Unnamed: 0,Outlook,Temp,Humidity,Wind,Decision
0,Sunny,85,85,Weak,No
1,Sunny,80,90,Strong,No
2,Overcast,83,78,Weak,Yes
3,Rain,70,96,Weak,Yes
4,Rain,68,80,Weak,Yes
5,Rain,65,70,Strong,No
6,Overcast,64,65,Strong,Yes
7,Sunny,72,95,Weak,No
8,Sunny,69,70,Weak,Yes
9,Rain,75,80,Weak,Yes


# C 4.5 Algorithm Implementation

In [3]:
import numpy as np

def calculate_entropy(y):
    """Calculate the entropy of the labels."""
    value_counts = np.unique(y, return_counts=True)[1]
    probabilities = value_counts / len(y)
    return -np.sum(probabilities * np.log2(probabilities + 1e-9))  # Adding a small value to avoid log(0)
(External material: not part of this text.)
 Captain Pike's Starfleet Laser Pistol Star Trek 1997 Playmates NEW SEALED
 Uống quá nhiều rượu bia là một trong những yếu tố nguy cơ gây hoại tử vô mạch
def calculate_gain_ratio(df, feature, target):
    """Calculate Gain Ratio for the feature."""
    total_entropy = calculate_entropy(df[target])
    
    # Calculate feature values and their entropies
    values, counts = np.unique(df[feature], return_counts=True)
    weighted_entropy = 0
    split_info = 0
    
    for value, count in zip(values, counts):
        subset = df[df[feature] == value]
        subset_entropy = calculate_entropy(subset[target])
        weighted_entropy += (count / len(df)) * subset_entropy
        split_info -= (count / len(df)) * np.log2(count / len(df) + 1e-9)
    
    gain = total_entropy - weighted_entropy
    
    if split_info == 0:
        return 0  # Avoid division by zero
    
    gain_ratio = gain / split_info
    return gain_ratio

def find_best_feature(df, target):
    """Find the best feature to split on based on Gain Ratio."""
    features = df.columns.drop(target)
    best_gain_ratio = -1
    best_feature = None
    
    for feature in features:
        gain_ratio = calculate_gain_ratio(df, feature, target)
        if gain_ratio > best_gain_ratio:
            best_gain_ratio = gain_ratio
            best_feature = feature
            
    return best_feature

# Recursive function to build the decision tree
def build_tree(df, target):
    """Builds a decision tree using the C4.5 algorithm."""
    if len(np.unique(df[target])) == 1:
        return df[target].values[0]  # Return the label if all examples have the same label
    
    if df.empty:
        return None  # Return None if there are no examples

    # Find the best feature to split on
    best_feature = find_best_feature(df, target)
    
    tree = {best_feature: {}}
    for value in np.unique(df[best_feature]):
        subset = df[df[best_feature] == value]
        subtree = build_tree(subset, target)
        tree[best_feature][value] = subtree
        
    return tree

# Build the decision tree
decision_tree_c45 = build_tree(df, 'Decision')
print("Decision Tree (C4.5):")
print(decision_tree_c45)


Decision Tree (C4.5):
{'Temp': {64: 'Yes', 65: 'No', 68: 'Yes', 69: 'Yes', 70: 'Yes', 71: 'No', 72: {'Outlook': {'Overcast': 'Yes', 'Sunny': 'No'}}, 75: 'Yes', 80: 'No', 81: 'Yes', 83: 'Yes', 85: 'No'}}


# CART Algorithm Implementation

In [4]:
def gini_impurity(y):
    """Calculate the Gini Impurity."""
    value_counts = np.unique(y, return_counts=True)[1]
    probabilities = value_counts / len(y)
    return 1 - np.sum(probabilities ** 2)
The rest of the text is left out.